Lucio graduated from Sanders Valley High School in 1992. He returned to the school six years later as teacher and coach.

"When I started thinking about leaving for school, I didn't have much," he said.

Fortunately for him, a coach from Pima Community College in Tucson saw him run at the Arizona State high school championships and offered a scholarship. He transferred to the University of Utah in Salt Lake City but an injury cut short his track career. He transferred to Arizona and graduated in 1997.

"The way people talk about Sanders, about the education and community, is not all that great, it's just like any other place. You grow, learn and do something with yourself," he said. "We do the best we can to succeed. It's just the way you use it."

Lucio coached the cross-country team to a 2A state championship in November. He now has sights on at least four of his wrestlers winning a state championship this weekend in Phoenix.

Lucio coached his nephew, Erik Goodsoldier, in high school. They will run the relay as a pair in St. George.

Goodsoldier, a freshman at Northern Arizona University in Flagstaff, nominated his uncle whom he views as an "inspiration." The Olympic Committee notified them they would run as a team.

"He wanted to come back and help his own people, the kids there," Goodsoldier said. "He gave us a lot of courage to be what we want to be and he taught us never to fail. He's been there for us through thick and thin."

Indian center tutor
Darrick Silversmith was born and raised in the Denver area. His run is today, Jan. 31, through downtown Denver.

"I guess they selected me because of what I do for the native community," he said.

Silversmith is a student at Front Range Community College in Denver. He works the graveyard shift as a security guard and volunteers with the Denver Christian Indian Center as a tutor for ethnic school children.

"I don't think of it as doing it for me, but for the Denver Indian community and the Navajo Nation," he said.

Although raised urban, Silversmith has a connection to the Navajo Nation. His father, Richard, is from Pinedale, N.M., and his mother, Susie, is from Klagetoh, Ariz.
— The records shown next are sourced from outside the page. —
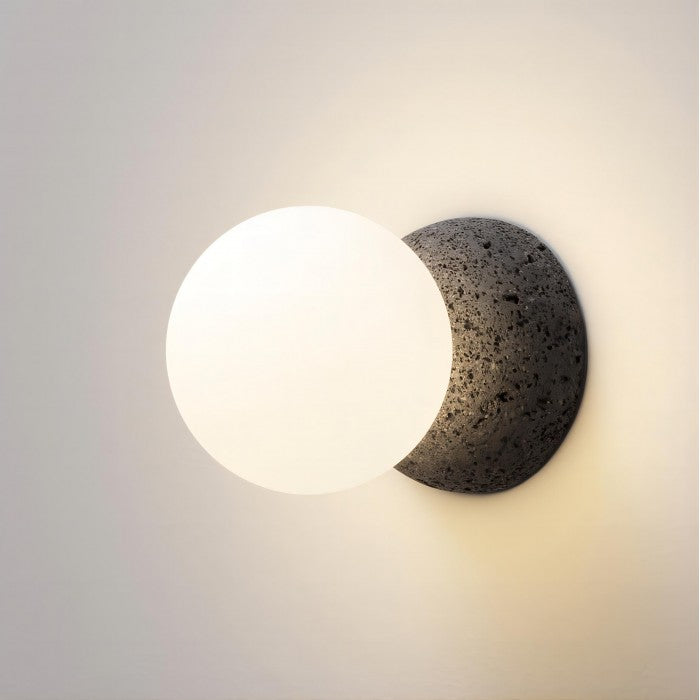 Origo Geometric Pendant Light – Volcanic Stone & Opal Glass Design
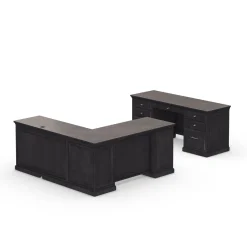 Statesman Height Adjustable L-Shaped Standing Desk with Right Return and Credenza Set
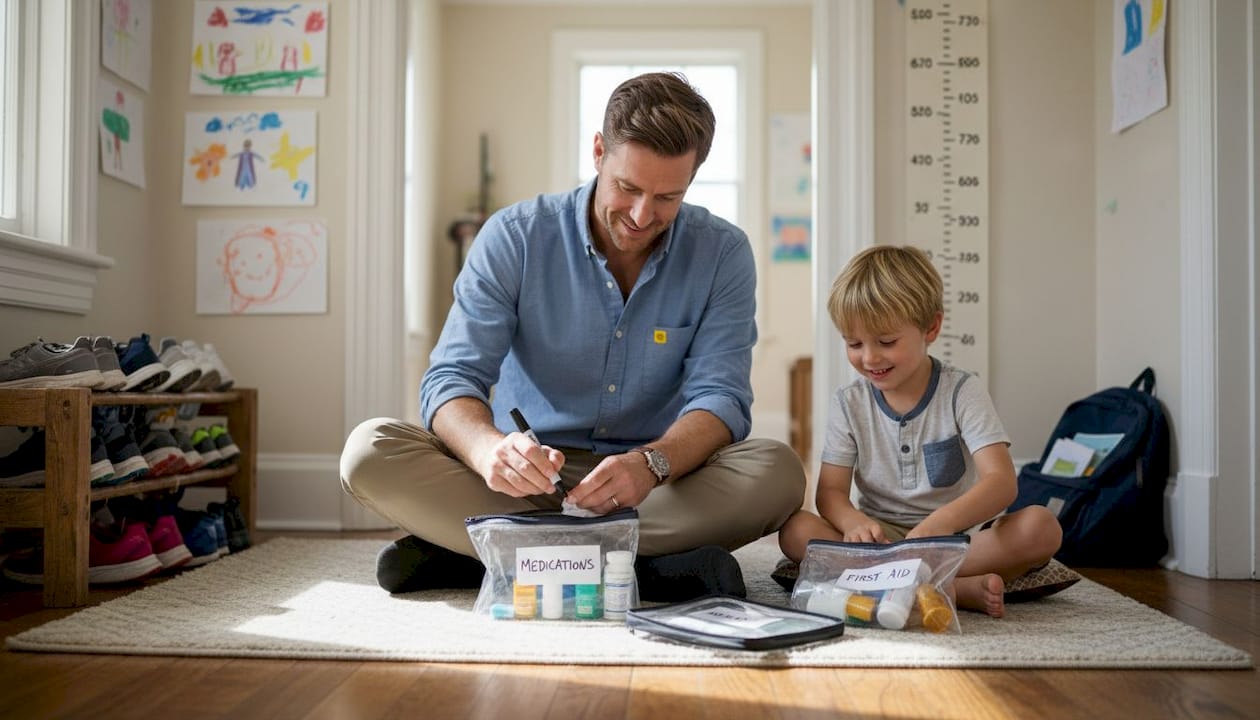 Parent and child organizing personalized emergency kit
He attended San Juan College in Farmington for one year.

"I think of the Navajo Nation as my other home. I feel a strong connection," Silversmith said. "Even though we have a large Indian community, it really doesn't feel like it. Being surrounded by my own people and hearing familiar things - it opened my eyes and I actually felt more alive."

Flame arrives by air
On Monday, the Olympic flame will be flown from Arches National Park, north of Moab, Utah, to the Totem Pole formation inside Monument Valley. Afterward, the flame will be flown to Bryce Canyon National Park, north of Kanab, Utah.

At approximately 11:50 a.m., the torch relay begins in the tribal park when it passes through the Artist Point vicinity, Thumb formation, Ford's Point turnoff and on to the visitor center. The entire six-mile distance should be completed by 1:30 p.m.

A ceremony begins at 9 a.m., which includes entertainment and speeches.

The park will be closed at 6 p.m. Saturday and won't reopen until 7 a.m. Monday. Access will be limited and seven Navajo Transit System buses will provide shuttle service. Navajo Transit is providing transpiration to the park from its Fort Defiance facility leaving at 5 a.m.

A local company is providing transport along the route for a nominal fee.

Billy Mills, 1964 Olympic gold medal winner, will serve as special guest runner.

"It will give exposure worldwide to the park and the Navajo Nation," park superintendent Martin Begaye said.

On a good summer day, about 1,500 people visit the park. In just a few hours Monday, an estimated 5,000 to 10,000 people will be inside the park, weather permitting, Begaye said.